When I studied the conjecture 2, I found a generalization:
Conjecture: Let $A_{i1}A_{i2}...A_{in}$ for $i=1,2,..,n$ be a regular n-gons, such that $A_{i1} \rightarrow A_{i2} \rightarrow ....\rightarrow A_{in} $ all counter clockwise, (or all clockwise). Let $G_j$ be the centroids of n-polygon $A_{1j}A_{2j}...A_{nj}$ for $j=1,2,...,n$. Then show that: $G_1G_2...G_n$ is a regular n-gon. In the figure as attachted n=6.
A generalization: Let $A_{i1}A_{i2}...A_{in}$ for $i=1,2,..,n$ be $n$ similar n-gons, such that $A_{i1} \rightarrow A_{i2} \rightarrow ....\rightarrow A_{in} $ all counter clockwise, (or all clockwise). Let $G_j$ be the centroids of n-polygon $A_{1j}A_{2j}...A_{nj}$ for $j=1,2,...,n$. Then show that: $G_1G_2...G_n$ form a $(n+1)$ th similar n-polygon.
Put $\omega:=e^{2\pi i/n}$. Then there are complex numbers $z_k$ and $c_k$ with $$A_{kj}=z_k+c_k\omega^j\quad(1\leq k\leq n, \ 1\leq j\leq n)\ ,$$ and your "averaged polygon" has vertices $$G_j:={1\over n}\sum_{k=1}^n A_{kj}={1\over n}\sum_{k=1}^n z_k+\left({1\over n}\sum_{k=1}^n c_k\right)\>\omega^j\ .$$ This shows that the "averaged polygon" is again regular.
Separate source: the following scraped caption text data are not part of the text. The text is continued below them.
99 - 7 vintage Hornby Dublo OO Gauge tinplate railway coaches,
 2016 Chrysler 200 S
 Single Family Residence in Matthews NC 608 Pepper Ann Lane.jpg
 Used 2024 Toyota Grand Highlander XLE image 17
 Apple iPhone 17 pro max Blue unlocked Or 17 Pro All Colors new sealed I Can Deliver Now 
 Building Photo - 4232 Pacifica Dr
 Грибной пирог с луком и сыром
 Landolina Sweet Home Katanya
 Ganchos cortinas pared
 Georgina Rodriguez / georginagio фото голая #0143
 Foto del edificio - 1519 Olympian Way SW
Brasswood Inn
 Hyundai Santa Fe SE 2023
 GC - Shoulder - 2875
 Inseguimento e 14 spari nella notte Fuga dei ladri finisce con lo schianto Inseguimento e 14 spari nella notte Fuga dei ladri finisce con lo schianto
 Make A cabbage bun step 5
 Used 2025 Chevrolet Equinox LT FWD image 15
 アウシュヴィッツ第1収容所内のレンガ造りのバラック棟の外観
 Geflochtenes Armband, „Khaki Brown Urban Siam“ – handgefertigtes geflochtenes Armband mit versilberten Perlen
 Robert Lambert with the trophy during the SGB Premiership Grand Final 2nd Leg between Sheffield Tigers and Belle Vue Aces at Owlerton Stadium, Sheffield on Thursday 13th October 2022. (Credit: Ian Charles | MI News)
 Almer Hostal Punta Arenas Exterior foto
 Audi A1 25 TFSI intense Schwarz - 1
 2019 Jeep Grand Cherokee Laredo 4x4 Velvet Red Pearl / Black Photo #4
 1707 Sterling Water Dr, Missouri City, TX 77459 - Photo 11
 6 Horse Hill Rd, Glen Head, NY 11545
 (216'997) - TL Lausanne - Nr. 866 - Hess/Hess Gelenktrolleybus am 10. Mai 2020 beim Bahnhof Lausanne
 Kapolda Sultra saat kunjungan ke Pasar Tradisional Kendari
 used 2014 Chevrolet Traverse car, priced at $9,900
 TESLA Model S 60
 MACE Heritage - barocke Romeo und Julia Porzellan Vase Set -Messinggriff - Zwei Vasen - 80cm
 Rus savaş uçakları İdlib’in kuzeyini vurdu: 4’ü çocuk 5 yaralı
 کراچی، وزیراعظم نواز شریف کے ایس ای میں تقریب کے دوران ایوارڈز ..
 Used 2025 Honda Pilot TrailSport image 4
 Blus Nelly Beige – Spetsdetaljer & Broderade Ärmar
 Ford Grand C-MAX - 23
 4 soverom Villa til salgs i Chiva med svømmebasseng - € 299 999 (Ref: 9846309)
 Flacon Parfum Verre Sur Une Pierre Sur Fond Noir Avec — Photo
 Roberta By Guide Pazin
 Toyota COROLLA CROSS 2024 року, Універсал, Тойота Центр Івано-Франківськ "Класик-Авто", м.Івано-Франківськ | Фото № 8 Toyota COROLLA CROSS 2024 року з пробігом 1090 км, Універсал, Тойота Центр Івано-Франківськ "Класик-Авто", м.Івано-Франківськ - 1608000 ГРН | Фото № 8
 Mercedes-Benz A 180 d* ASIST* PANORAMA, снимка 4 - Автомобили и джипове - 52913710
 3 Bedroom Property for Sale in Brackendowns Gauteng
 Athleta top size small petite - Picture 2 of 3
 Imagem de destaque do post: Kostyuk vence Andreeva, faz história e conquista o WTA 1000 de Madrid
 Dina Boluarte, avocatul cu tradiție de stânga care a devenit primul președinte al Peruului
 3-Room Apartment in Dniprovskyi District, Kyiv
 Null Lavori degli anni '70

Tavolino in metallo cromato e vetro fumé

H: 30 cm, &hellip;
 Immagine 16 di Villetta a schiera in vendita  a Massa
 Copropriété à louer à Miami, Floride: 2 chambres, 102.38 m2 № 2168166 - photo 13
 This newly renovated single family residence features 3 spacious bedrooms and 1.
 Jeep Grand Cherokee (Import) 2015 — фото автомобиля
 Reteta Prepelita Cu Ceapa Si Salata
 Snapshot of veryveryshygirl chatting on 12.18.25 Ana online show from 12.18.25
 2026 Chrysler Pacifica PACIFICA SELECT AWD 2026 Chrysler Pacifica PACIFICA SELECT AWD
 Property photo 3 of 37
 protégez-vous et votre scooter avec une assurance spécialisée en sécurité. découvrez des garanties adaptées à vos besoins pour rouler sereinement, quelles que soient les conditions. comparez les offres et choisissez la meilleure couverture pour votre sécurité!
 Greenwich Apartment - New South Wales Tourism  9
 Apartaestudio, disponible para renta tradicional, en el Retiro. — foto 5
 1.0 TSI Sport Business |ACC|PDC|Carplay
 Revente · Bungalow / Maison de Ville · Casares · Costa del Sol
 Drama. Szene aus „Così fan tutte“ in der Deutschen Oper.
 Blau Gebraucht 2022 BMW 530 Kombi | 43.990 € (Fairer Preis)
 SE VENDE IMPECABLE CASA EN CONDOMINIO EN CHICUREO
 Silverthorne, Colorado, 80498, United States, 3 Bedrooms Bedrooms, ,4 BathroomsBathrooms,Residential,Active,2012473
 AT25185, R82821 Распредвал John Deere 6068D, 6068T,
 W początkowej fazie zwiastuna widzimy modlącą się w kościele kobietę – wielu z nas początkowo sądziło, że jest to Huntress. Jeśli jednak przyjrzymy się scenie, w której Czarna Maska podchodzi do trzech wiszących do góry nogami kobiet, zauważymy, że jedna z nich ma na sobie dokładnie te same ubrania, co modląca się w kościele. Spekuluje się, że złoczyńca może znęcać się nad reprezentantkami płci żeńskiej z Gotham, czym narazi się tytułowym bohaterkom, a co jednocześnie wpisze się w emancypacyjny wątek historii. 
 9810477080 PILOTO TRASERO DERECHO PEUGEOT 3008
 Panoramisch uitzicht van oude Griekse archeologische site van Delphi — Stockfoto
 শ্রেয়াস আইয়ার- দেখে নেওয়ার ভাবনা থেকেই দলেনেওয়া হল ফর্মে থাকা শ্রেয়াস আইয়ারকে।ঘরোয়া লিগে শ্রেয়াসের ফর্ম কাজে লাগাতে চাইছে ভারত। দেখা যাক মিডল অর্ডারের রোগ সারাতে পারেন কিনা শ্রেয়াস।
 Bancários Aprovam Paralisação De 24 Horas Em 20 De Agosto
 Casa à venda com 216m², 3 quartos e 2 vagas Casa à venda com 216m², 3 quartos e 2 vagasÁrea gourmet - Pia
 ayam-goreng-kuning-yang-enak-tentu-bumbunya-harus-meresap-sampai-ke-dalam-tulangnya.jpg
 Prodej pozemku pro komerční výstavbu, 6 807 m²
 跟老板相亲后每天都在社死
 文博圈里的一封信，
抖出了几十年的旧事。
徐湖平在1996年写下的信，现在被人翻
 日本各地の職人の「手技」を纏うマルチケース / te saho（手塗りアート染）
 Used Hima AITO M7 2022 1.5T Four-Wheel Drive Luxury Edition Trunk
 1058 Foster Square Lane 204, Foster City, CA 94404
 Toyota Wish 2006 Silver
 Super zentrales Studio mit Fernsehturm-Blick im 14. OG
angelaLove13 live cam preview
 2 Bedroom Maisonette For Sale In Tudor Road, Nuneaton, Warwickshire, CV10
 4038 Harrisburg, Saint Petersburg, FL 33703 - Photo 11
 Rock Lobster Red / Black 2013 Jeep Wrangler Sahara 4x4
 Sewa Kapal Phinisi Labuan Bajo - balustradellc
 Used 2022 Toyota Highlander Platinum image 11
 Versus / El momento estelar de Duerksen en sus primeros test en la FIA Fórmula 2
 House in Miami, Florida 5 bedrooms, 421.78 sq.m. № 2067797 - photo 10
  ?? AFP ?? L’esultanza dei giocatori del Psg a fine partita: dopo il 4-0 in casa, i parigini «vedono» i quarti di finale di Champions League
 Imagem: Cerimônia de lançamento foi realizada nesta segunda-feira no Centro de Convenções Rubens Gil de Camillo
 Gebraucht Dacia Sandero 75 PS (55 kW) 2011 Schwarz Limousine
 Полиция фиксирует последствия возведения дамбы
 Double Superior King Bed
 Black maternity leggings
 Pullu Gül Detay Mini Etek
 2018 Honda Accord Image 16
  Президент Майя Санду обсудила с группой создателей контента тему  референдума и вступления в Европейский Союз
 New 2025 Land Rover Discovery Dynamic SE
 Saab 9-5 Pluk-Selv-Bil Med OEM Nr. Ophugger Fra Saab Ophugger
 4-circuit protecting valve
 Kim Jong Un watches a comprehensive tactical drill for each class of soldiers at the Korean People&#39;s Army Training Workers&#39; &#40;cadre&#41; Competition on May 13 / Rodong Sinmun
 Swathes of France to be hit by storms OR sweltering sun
The "generalization" can be handled similarly: Begin with $$A_{kj}=z_k+c_k w_j\quad(1\leq k\leq n, \ 1\leq j\leq n)\ .$$ Here $z_k$ is the centroid of the $k^{\rm th}$ polygon, the $c_k$ are complex stretching factors, and the $w_j$ with $\sum_{j=1}^n w_j=0$ determine the common shape of the polygons.